前川裕『アウト ゼア 未解決事件ファイルの迷宮』光文社文庫。
元新聞記者の小説家である成瀬幹夫が5つの未解決事件を描くという設定のノン・フィクション風、フィクション短編集。
タイトルは『out there = 未解決で、(犯人等が)捕まっていない 変な、君の悪い(口語)』という意味のようだ。
...続きを読む本作を読んで、マスコミや警察が公表する事件の真相やストーリーはイヤに整然としているが、実際には事件の裏にもう1つの事件が隠れていたり、真相はもっと複雑なのではないかと考えた。短編集全体がそれだけリアリティを感じるような構成になっているところが非常に面白い。しかし、いずれの短編も嫌な後味を残す。
『しりょうのふね』。解決済、未解決を問わず事件の真相というのは結局はこんなものではないのだろうか。真実と思えたことが実は虚偽であったり、その逆もある。物事は時代と共により複雑になり、なかなか真実が見えなくなってきている。今の世が欺瞞に満ちているというのはそういうことなのだろう。
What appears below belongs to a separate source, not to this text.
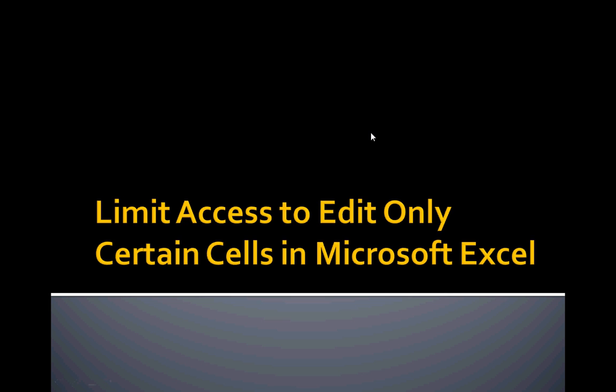So one of the questions I've been asked recently about Microsoft Excel is how do you limit access to allow users to only edit certain cells in a spreadsheet and lock other cells down. I'm going to go through how I find it to be easiest to allow users to edit only certain ranges of cells in a Microsoft Excel spreadsheet.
『偽装者の顔』。複雑に入り組んだ人間関係が論理的な思考を阻害し、事件の本質を見えなくすることはよくあること。この短編はこうした見えない事件の本質を見事に描いているように思える。事件の裏には実はもう1つの事件が隠れている……
『たそがれの通り魔』。通り魔事件がいつどこで起こってもおかしくない昨今。『人権』というパワーワードの元、多くのアブない奴等やオカシイ奴等が社会に放置されているのではないだろうか。駅のホームで笑みを浮かべながら踊るように傘の柄を突く男、奇声を発しながらくるくると回り続けている男、怖い顔をして人を押し退けながら突き進む女……怖い。昔はオカシイことを指摘し、周りに注意喚起を促しても『人権』問題にはならなかったと思う。『人権』というパワーワードが席巻する限り、思い切った発言ができず、再び悲劇は起こるのだ。
『みちゆきの夜』。事件の関係者が身内ということで、何とも言えない嫌な後味が残る。しかも、男女関係のこととなると尚更だ。今の世の中、いつどこで事件に巻き込まれるか解らない。いや、知らぬ間に既に事件に巻き込まれているのかも知れない。
『冤罪の条件』。やはり、事件の裏にはもう1つの事件が隠れているのだ。不思議なことに犯罪というのは様々な形で連鎖し、悲劇を増幅させるのだろう。